TO DO:
The listing below holds pictures; exclude them. Return exactly the lines from the one with "Полосатая рубашка-поло из" through the one with "GUCCI Horsebit 1955".

TASK INPUTS:
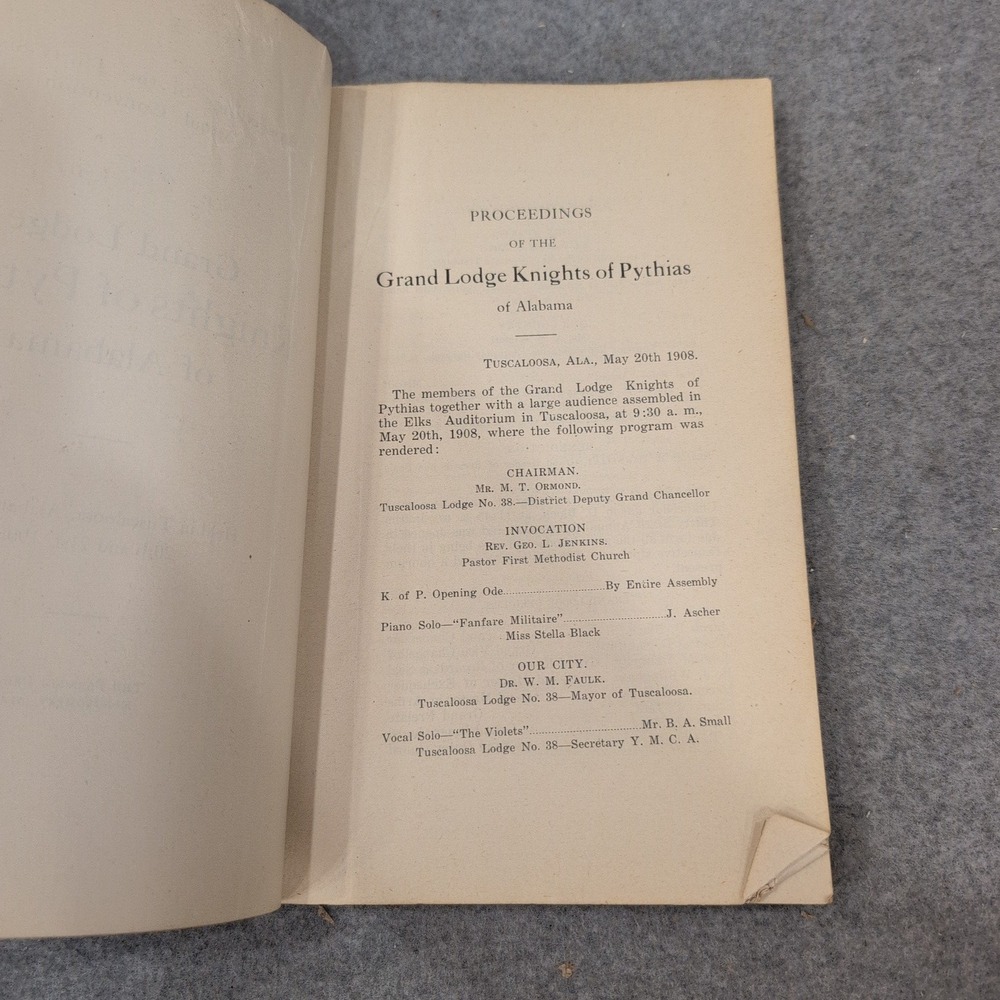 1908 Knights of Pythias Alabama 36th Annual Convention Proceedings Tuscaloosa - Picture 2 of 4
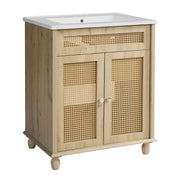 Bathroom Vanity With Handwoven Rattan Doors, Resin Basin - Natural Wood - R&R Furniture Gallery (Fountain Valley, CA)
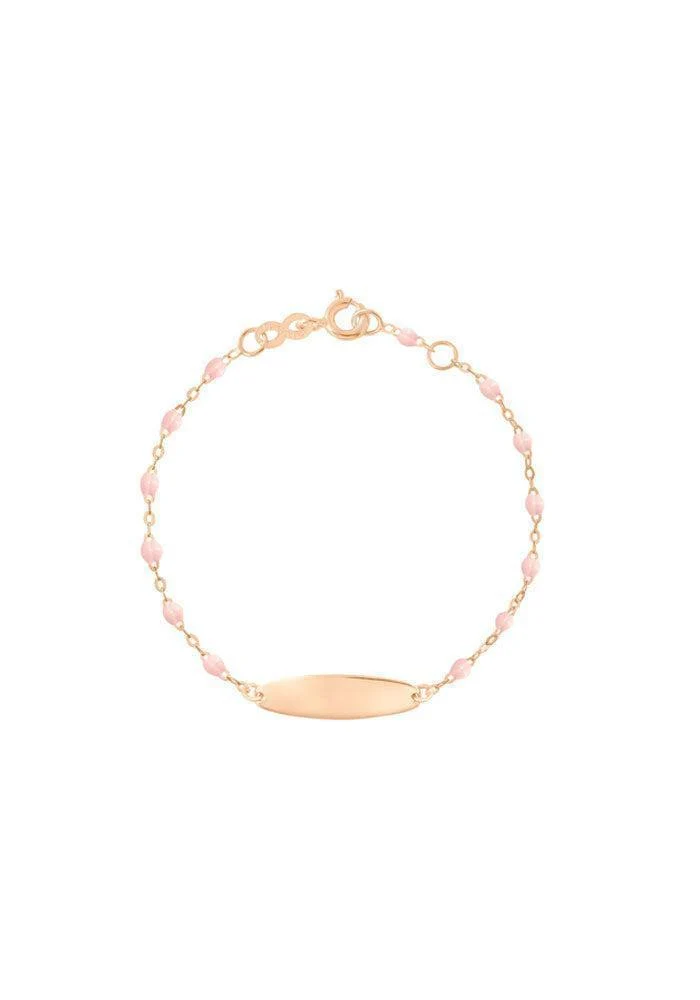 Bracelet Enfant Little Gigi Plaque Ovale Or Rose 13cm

...

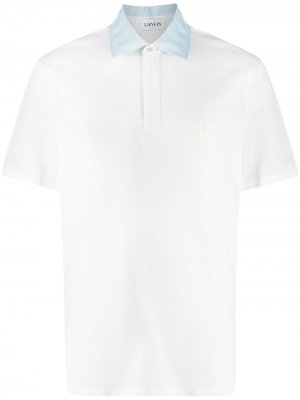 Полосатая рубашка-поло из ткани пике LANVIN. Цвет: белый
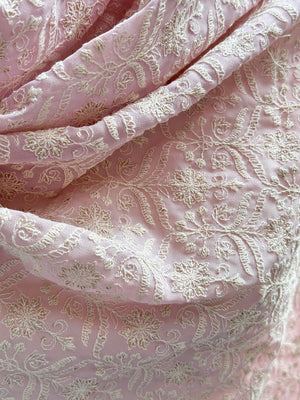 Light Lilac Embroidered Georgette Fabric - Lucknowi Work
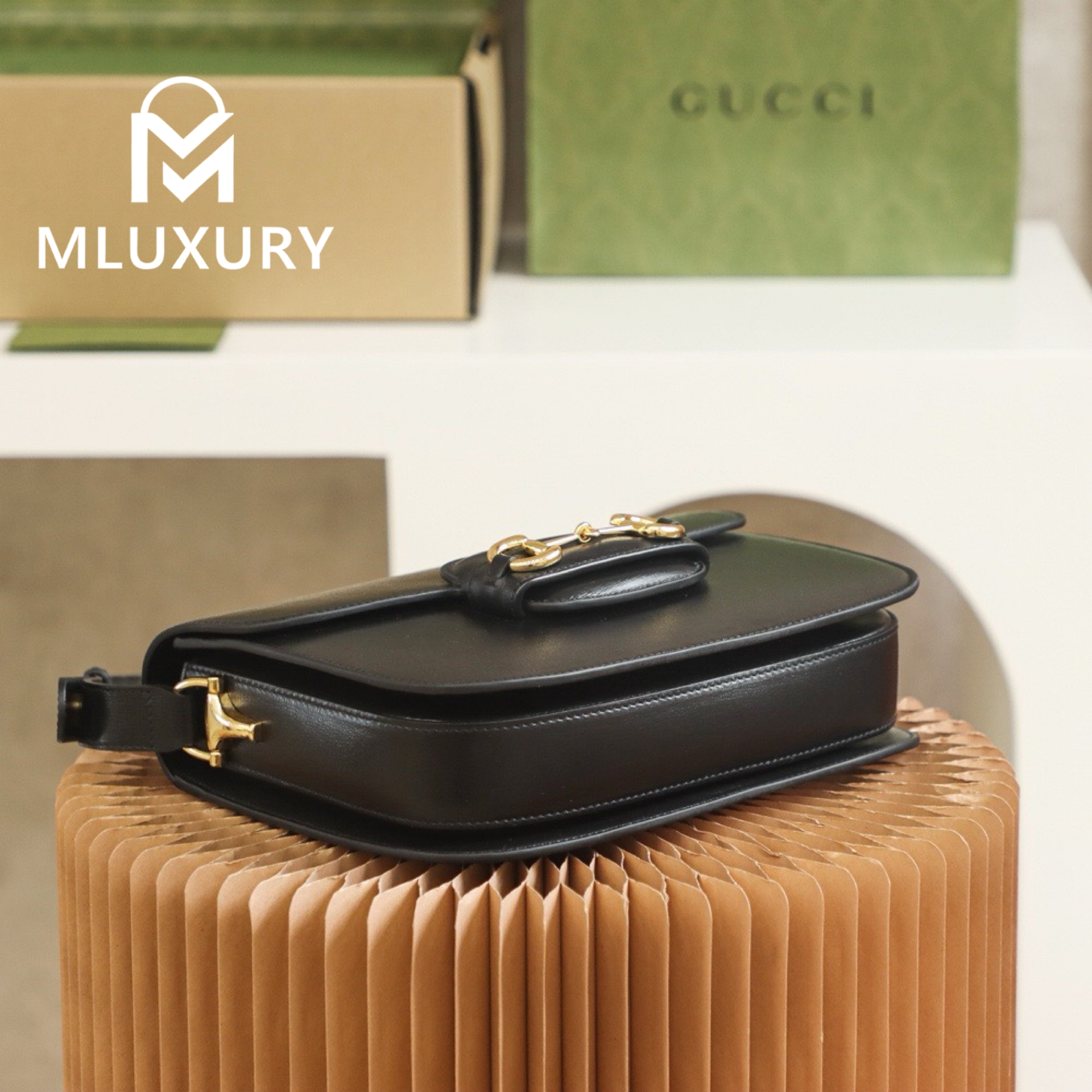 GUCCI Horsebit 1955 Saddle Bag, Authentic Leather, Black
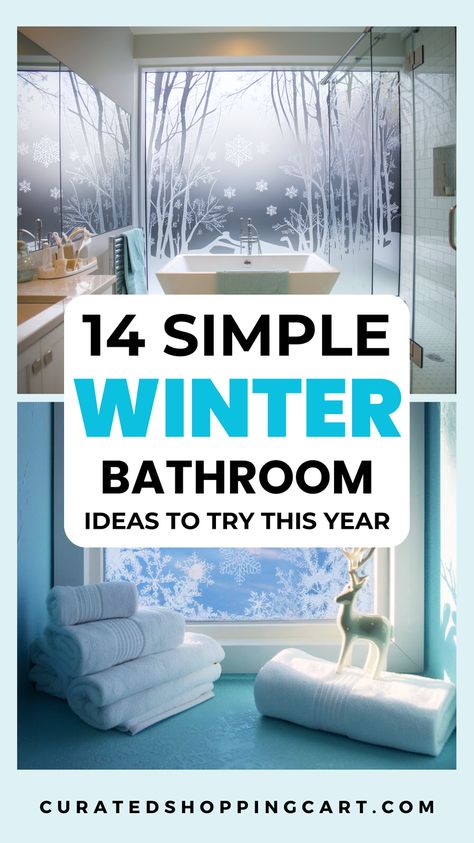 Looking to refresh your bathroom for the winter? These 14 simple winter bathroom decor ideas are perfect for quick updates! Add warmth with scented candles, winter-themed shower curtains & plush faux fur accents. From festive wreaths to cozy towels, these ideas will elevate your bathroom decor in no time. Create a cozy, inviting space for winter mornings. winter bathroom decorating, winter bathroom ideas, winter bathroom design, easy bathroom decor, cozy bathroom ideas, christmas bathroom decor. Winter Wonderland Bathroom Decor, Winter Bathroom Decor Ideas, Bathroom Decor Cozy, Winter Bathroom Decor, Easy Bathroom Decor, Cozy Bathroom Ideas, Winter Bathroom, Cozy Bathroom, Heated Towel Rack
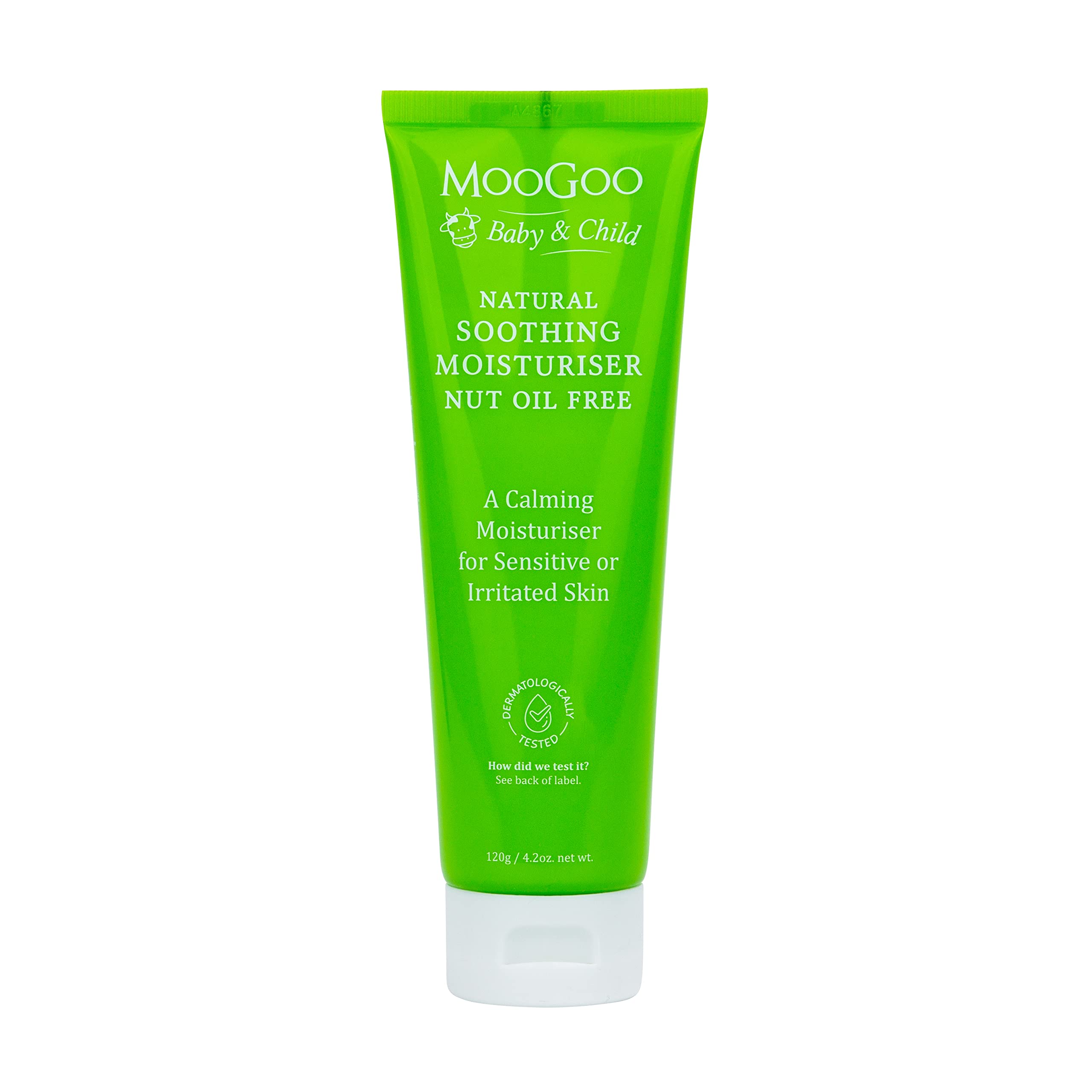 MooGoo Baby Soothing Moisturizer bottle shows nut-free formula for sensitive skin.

---

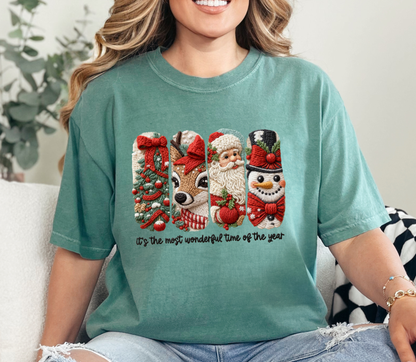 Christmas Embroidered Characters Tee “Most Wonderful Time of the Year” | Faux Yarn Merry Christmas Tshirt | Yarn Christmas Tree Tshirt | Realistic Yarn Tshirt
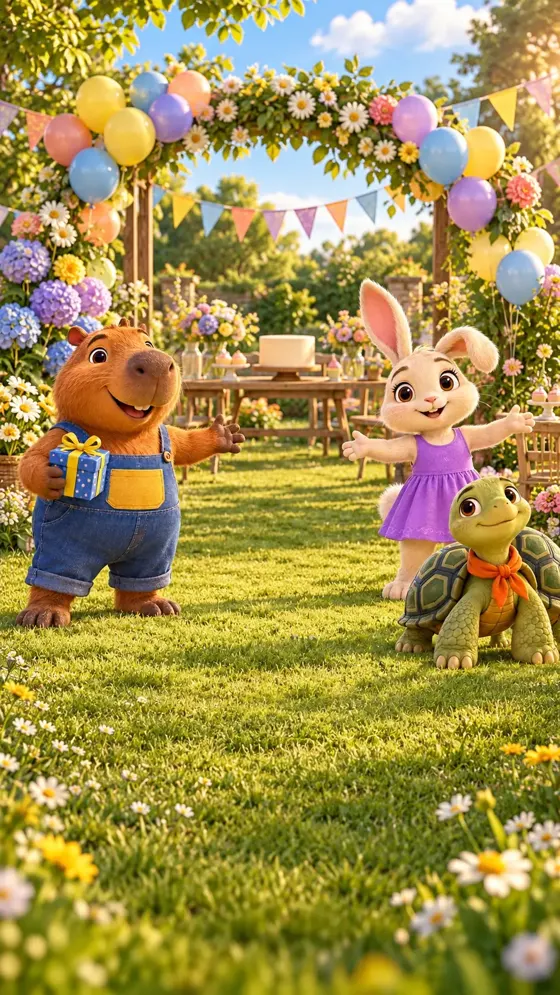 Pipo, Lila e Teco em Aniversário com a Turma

ANSWER FOR THE TASK:
 Полосатая рубашка-поло из ткани пике LANVIN. Цвет: белый
 Light Lilac Embroidered Georgette Fabric - Lucknowi Work
 GUCCI Horsebit 1955 Saddle Bag, Authentic Leather, Black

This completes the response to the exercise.